A former track and field coach in Greater Sudbury and a former sprinter he coached will stand trial on a sexual assault charge early next year, a judge ruled earlier this month.
In a ruling released Dec. 16, Alexander Kurke, of the Superior Court of Justice, rejected arguments from lawyers representing David Case and Celine Loyer that delays in getting to trial violated the pair’s rights under Canadian law.
They were charged Feb. 28, 2017 for historic sex assault accusations, and will each stand trial beginning Jan. 27, 2020, on one count of sexual assault – 35 months after they were first charged. Case is facing an additional trial by himself for a separate sex assault charge, with the trial beginning Jan. 13 — 31.5 months after that charge was laid.
Under the R. v. Jordan decision in 2016, cases appearing in Superior Court must come to trial within 30 months or be dismissed. In cases when the 30-month limit is exceeded, the burden is on the Crown to prove the delay is a result of exceptional circumstances.
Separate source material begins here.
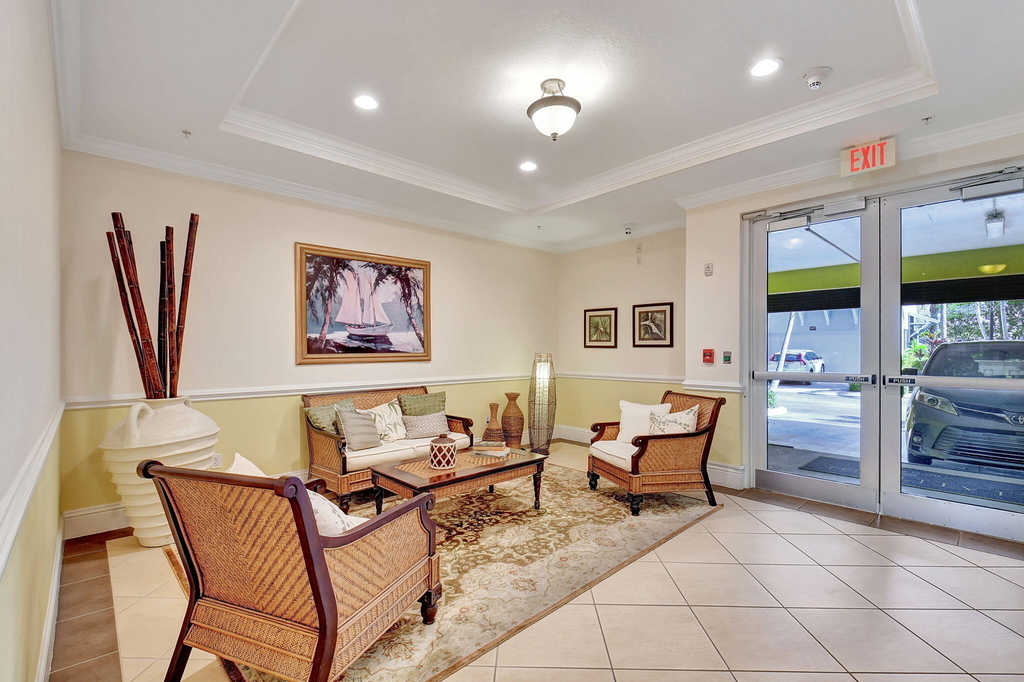 3120 E Latitude Circle - Photo 51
In calculating the 30 months, however, time must be subtracted for delays in which the defence is responsible, or when the accused agrees the delays won’t be counted as part of the time limit.
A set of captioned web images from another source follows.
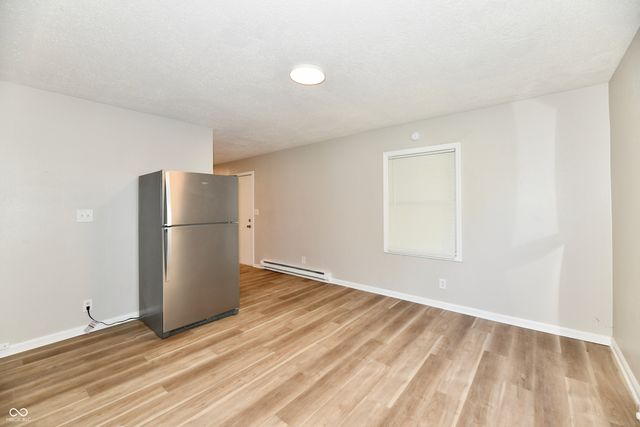 955 N Belmont Avenue, Indianapolis, IN 46222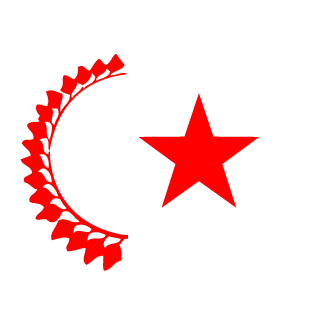 -ASB-Soloturk__'s emblem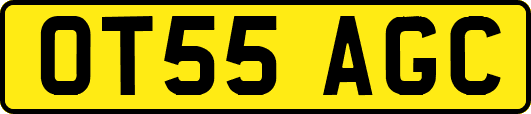 OT55AGC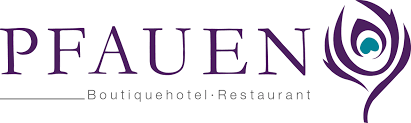 Find local businesses, view maps and get driving directions in google maps. Restaurant Schorndorf Cafe Schorndorf Gastronomie Schorndorf Hotel Schorndorf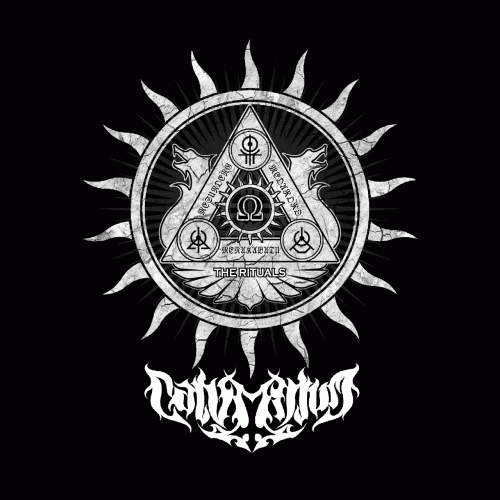 Calvarium (IDN) : The Rituals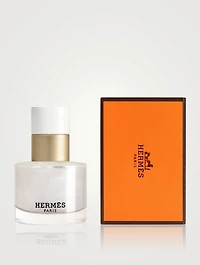 Les Mains Hermès Nail Polish
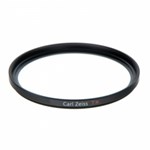 Carl Zeiss T* UV 86mm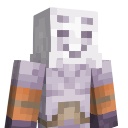 xisumavoid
Exceptional circumstances include any delays which are beyond the Crown’s control to address. In Loyer’s case, Kurke ruled that much of the delay was a result of her attempts to get a Legal Aid lawyer. She first appeared in court in March 2017, and requested delays that lasted until June. In June, she told the court she had been denied Legal Aid. She was given until July to sort out her appeal.
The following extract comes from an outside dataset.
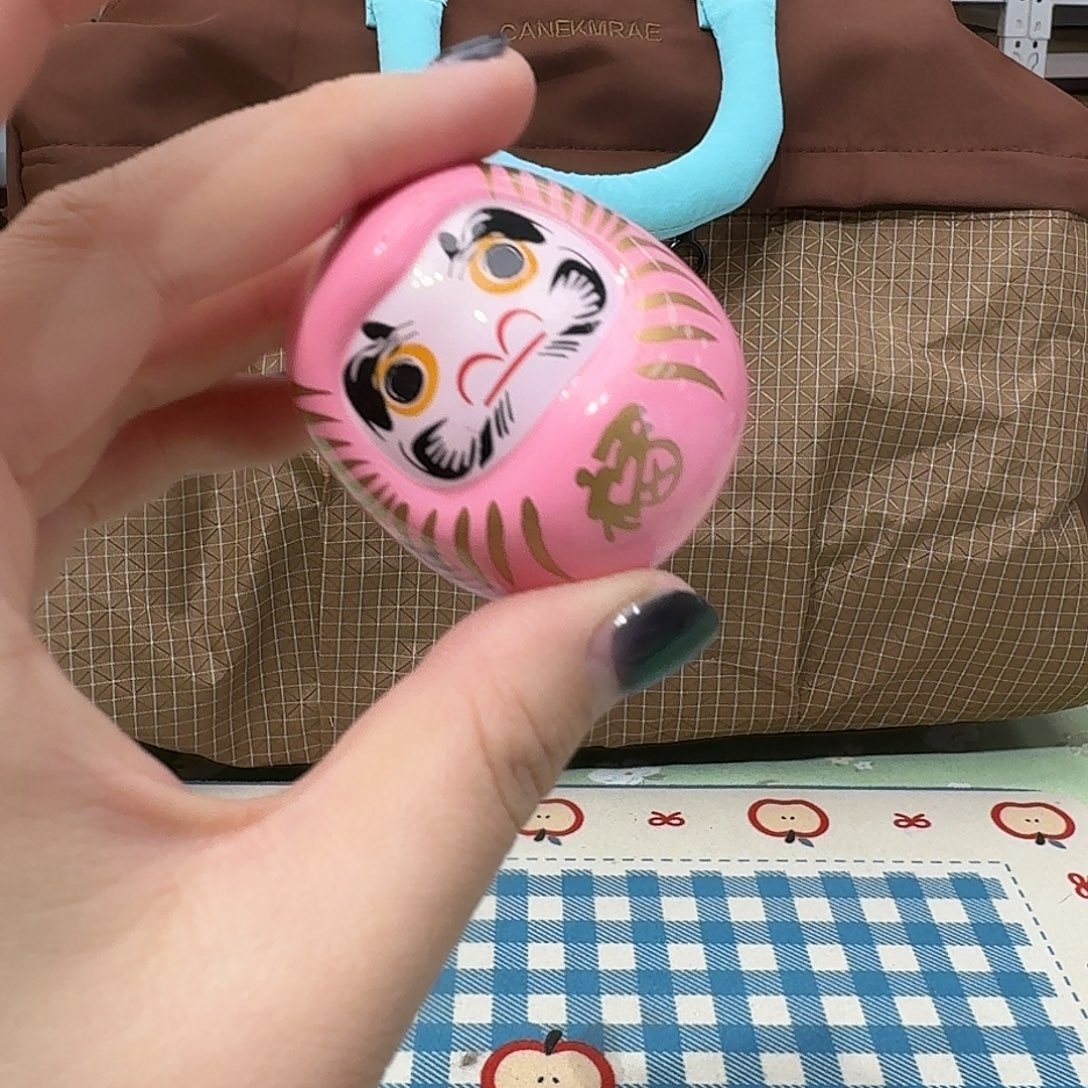 如图所示@@977680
At the July hearing, court was told a decision on the Legal Aid appeal was due the following day, but the agent representing Loyer asked for a two-week delay. A date of September was finally set for the pre-trial.
In his ruling, Kurke wrote the Crown could not have reasonably expected for it to take so long for Loyer to get counsel and set dates for the pre-trial.
“Moreover, the Crown on several occasions pushed for the matter to be moved along and noted its concerns about the delay; it did not stand by and do nothing,” the transcript says. “Such delays can only be labelled as exceptional in the circumstances of this case.”
Kurke allotted four months for this particular delay, leaving 31 months under the Jordan definition.
Further delays were caused in August when Loyer’s Legal Aid appeal was denied. The Crown wanted an Aug. 15 court date, but the lawyer who ultimately represented her wasn’t available until Sept. 5. Another two months were deducted for these delays, and similar deductions were made because of scheduling issues with Loyer’s lawyer.
By the time the case returned to court in late February 2019, there was little time to set a trial date. By March 19, no dates were left in 2019 and the trial was scheduled for January 2020.
When all the deductions are made, Kurke ruled the delay in Loyer’s case totalled 24 months, well below the 30-month limit.
Case’s lawyer argued the Crown was at fault for the delays because it opted to try Loyer and Case together, rather than separately, forcing his client to wait 35 months, well in excess of Jordan.
But Kurke ruled the allegations against the pair involved incidents in which they are both accused of participating at the same time. Severing the cases would have meant having complainants testify more than once, repeatedly detailing traumatic assaults they say they endured.
“Factual overlap and interconnectedness, and limiting the trauma to the complainants of testifying on multiple occasions justified joint proceedings,” he ruled. “It was manifestly in the interests of justice for the Crown not to sever the accused persons, and instead to push for the setting of an in-court judicial pre-trial at the earliest time acceptable to the applicants. That was done.”
When all the factors are taken into account, Kurke ruled the delay in the first charge Case is facing is 24 months, again well below the time limit set in the Jordan case.
For the trial Case is facing by himself, which begins 31.5 months after he was charged, the judge ruled 10 weeks was a result of delays caused by the defence.
And since Case was initially willing to follow timelines similar to Loyer’s case, another eight weeks should be deducted.
In total, Kurke ruled the delay was 25.5 months, well short of the 30-month limit.
“Both applicants were slow to file statements of issues for the purpose of the preliminary inquiry, though they had been ordered to do so at the judicial pre-trial in the Ontario Court of Justice,” the transcript says. “Both applicants refused earlier dates in order to get consecutive dates for the preliminary inquiry. Both applicants refused dates for the holding of the Superior Court pre-trial, even after so much time was lost during applicant Loyer’s (Legal Aid) application issues.
“All of this was done virtually in the face of Crown efforts to move the matter along. Crown counsel repeatedly noted concern about the delay, urged that the matter be marked peremptory, and insisted on the setting of dates. When the required statements of issues were not forthcoming, the Crown pushed for their filing. The Crown never indicated that it was unavailable for any date that was offered.”